» Assignment
Every line in the data below has to be repeated exactly; no picture belongs in the result.

Data entries
━━━━━━━━━━━━━━━━━━━━

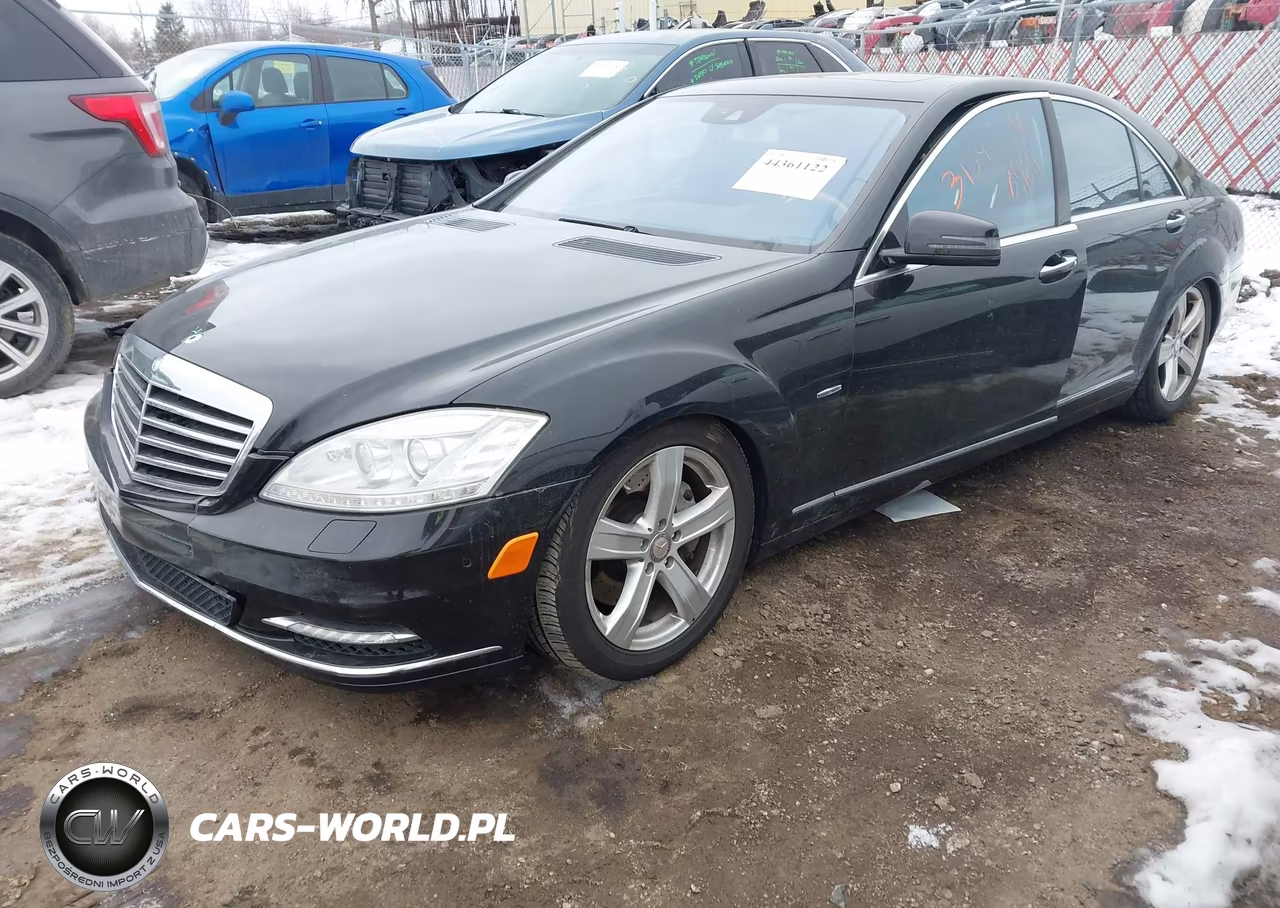 2012 Mercedes-Benz S 550 4Matic VIN:WDDNG9EB0CA428901 - 2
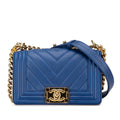 Chanel Boy Chanel Lambskin Shoulder Bag
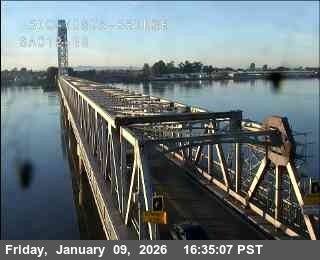 Hwy 12 at Rio Vista Bridge East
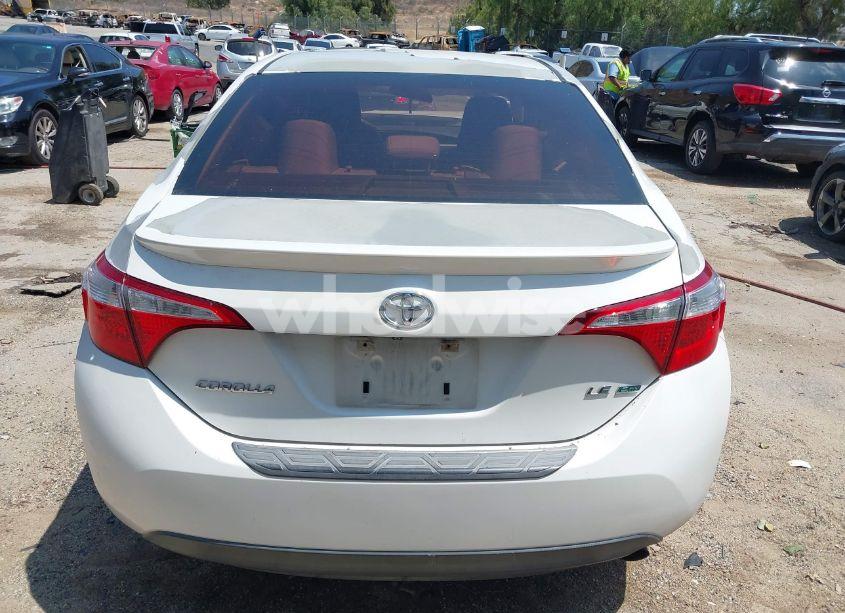 Photo 16 of 2014 Toyota Corolla LE ECO PLUS (VIN 5YFBPRHE4EP039583)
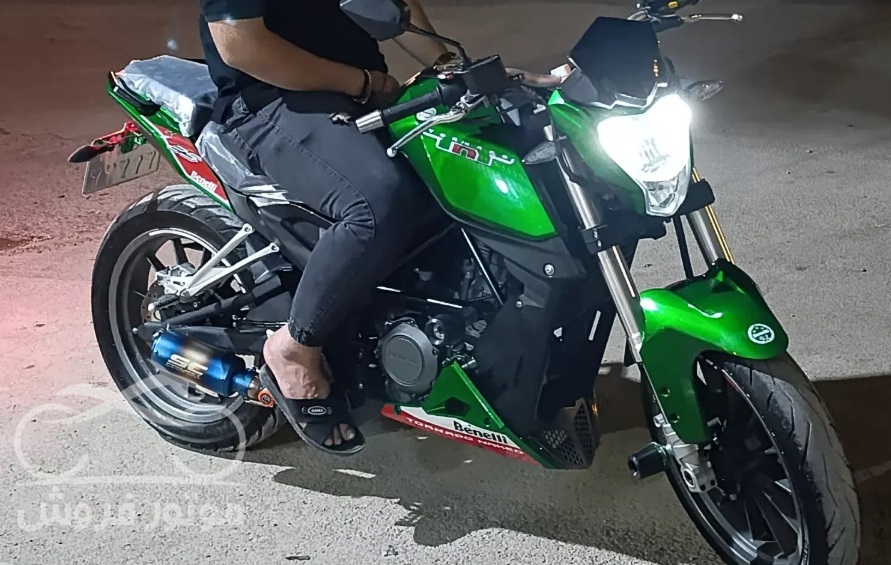 فروش موتور سیکلت بنلی 250 تک سیلندر در کرمانشاه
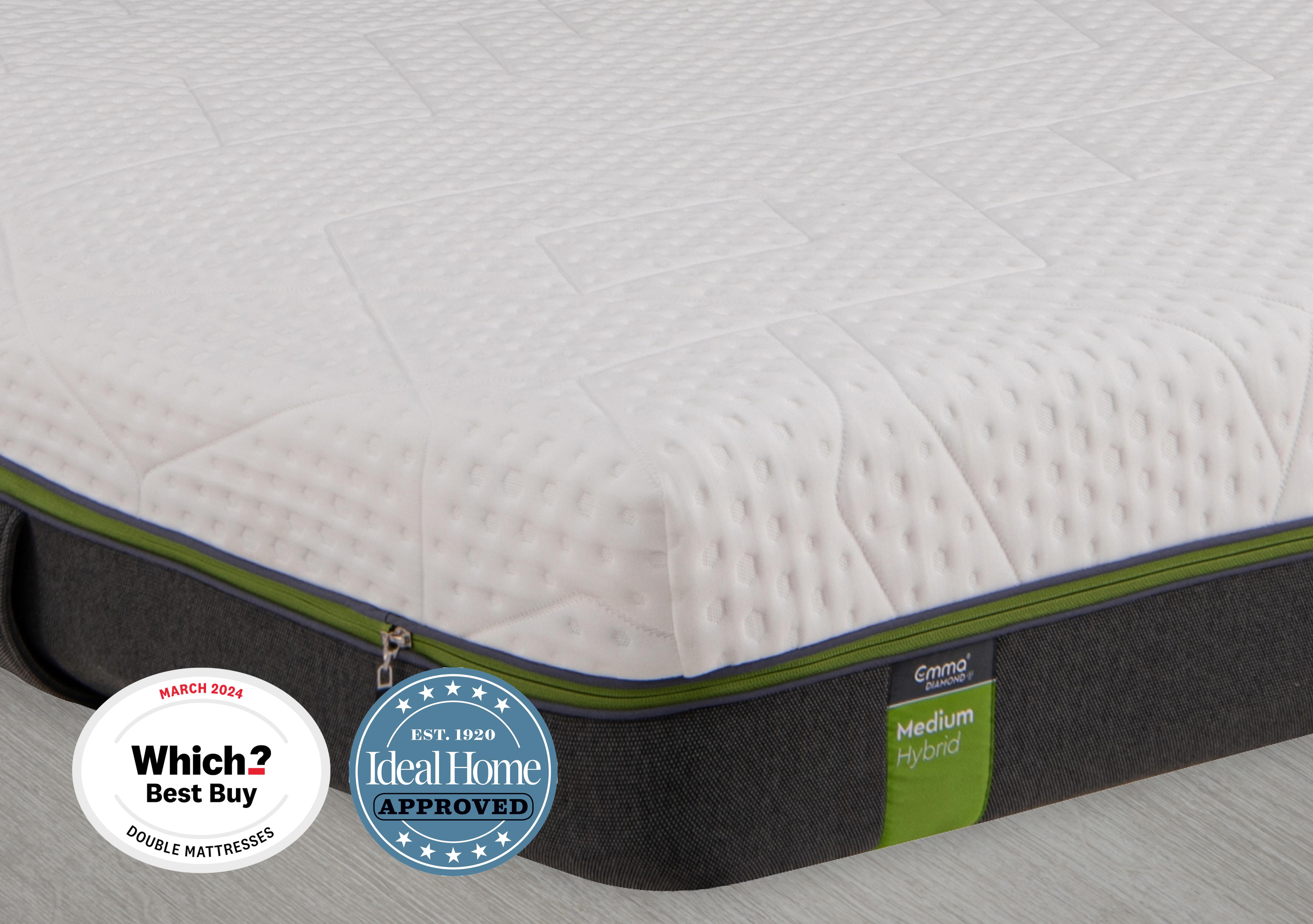 Select Diamond Hybrid Mattress in  on Furniture Village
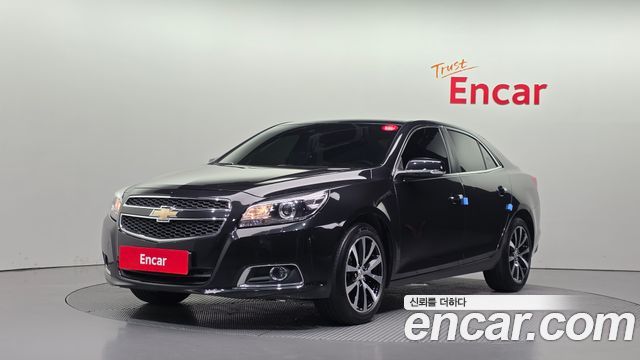 Chevrolet Korea Malibu — exterior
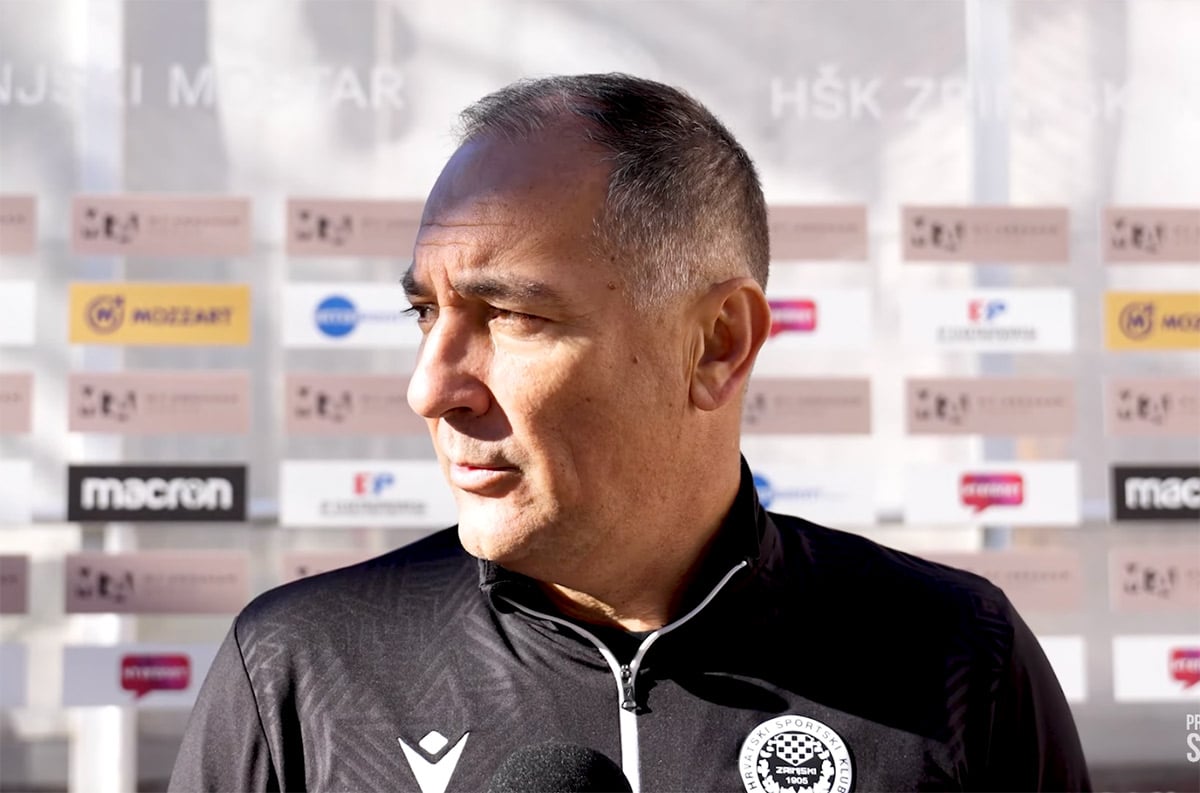 Štimac on the eve of Sarajevo: A tough battle awaits us
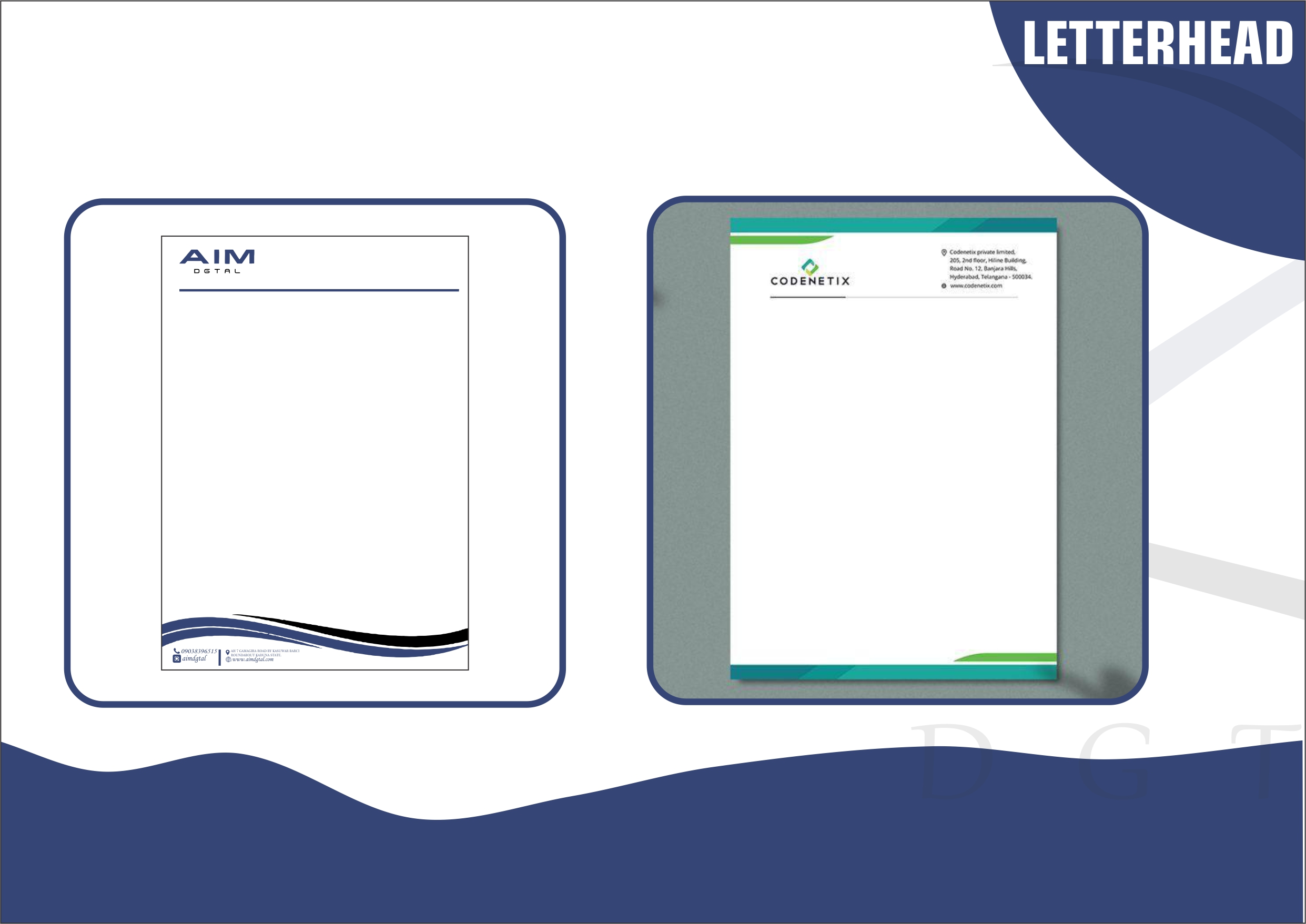 Corporate Letterhead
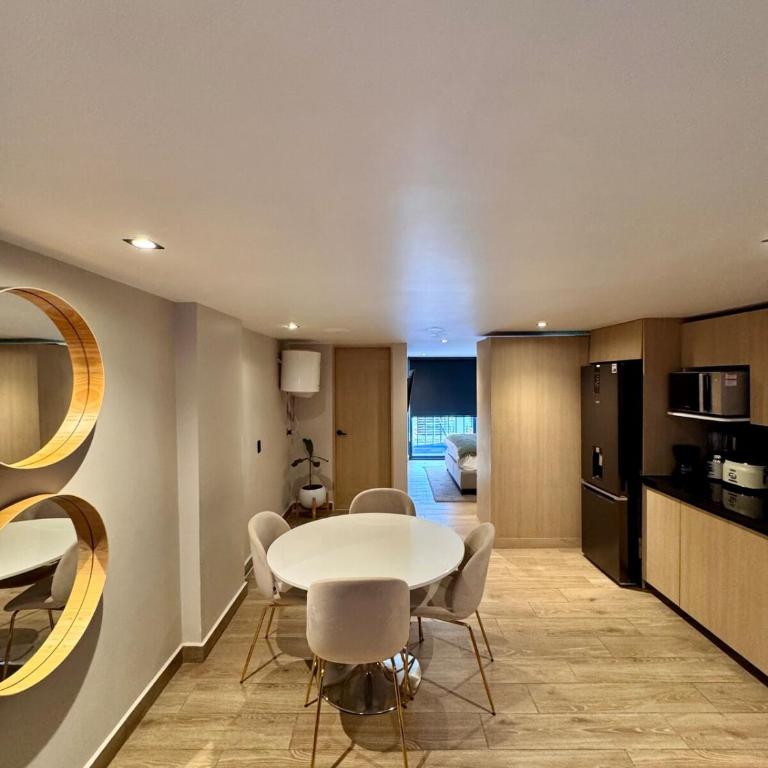 Departamento en Ciudad de México - Apartamento de 1 dormitorio - 2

━━━━━━━━━━━━━━━━━━━━

» Written answer
 2012 Mercedes-Benz S 550 4Matic VIN:WDDNG9EB0CA428901 - 2
 Chanel Boy Chanel Lambskin Shoulder Bag
 Hwy 12 at Rio Vista Bridge East
 Photo 16 of 2014 Toyota Corolla LE ECO PLUS (VIN 5YFBPRHE4EP039583)
 فروش موتور سیکلت بنلی 250 تک سیلندر در کرمانشاه
 Select Diamond Hybrid Mattress in  on Furniture Village
 Chevrolet Korea Malibu — exterior
 Štimac on the eve of Sarajevo: A tough battle awaits us
 Corporate Letterhead
 Departamento en Ciudad de México - Apartamento de 1 dormitorio - 2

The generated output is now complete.